Porque después de la batalla sólo resta el pillaje: repartirse los despojos, la custodia, el resto de querencias y la culpa. Y la culpa, por supuesto, es del otro. Por no querer verlo todo como nosotros. Por atentar contra nuestras ambiciones, qué digo, contra toda una vida hermosamente planificada (sólo en nuestra cabeza) a base de silencios y hechos consumados. Por no verlo todo… como yo. ¿Pero quién demonios se cree?

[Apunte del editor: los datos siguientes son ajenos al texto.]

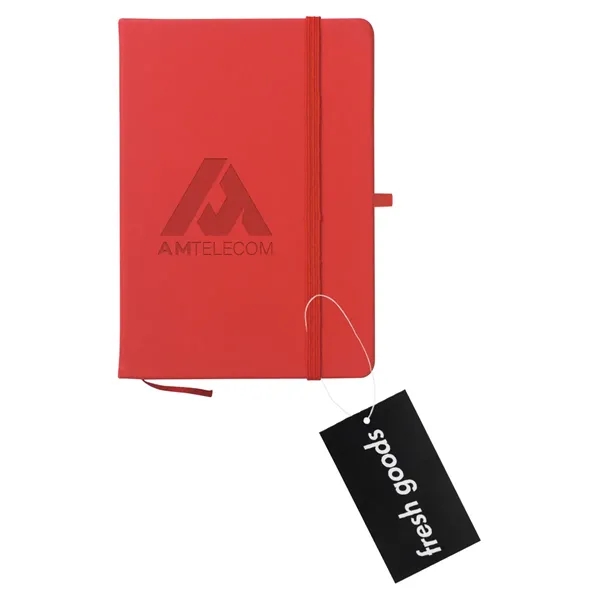 80 page lined notebook with bookmark, strap closure and pen loop;... from ASI 61125 Hit Promotional Products / Hit®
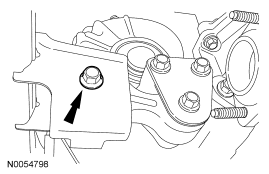 Step 1: Remove the engine roll restrictor-to-subframe through bolt.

Y esos demonios —los interiores, alimentados a base de ira, frustración y “nada importa”— son los aliados por excelencia de unos abogados que, oteando desde el poste más cercano, aguardan pacientemente el momento de escenificar la tragedia, abatirse sobre el par de boxeadores groguis y saquear lo que fue de ambos.
Con suerte, restará la historia. Y con suerte, algún director más malherido que valiente se atreverá a contarla.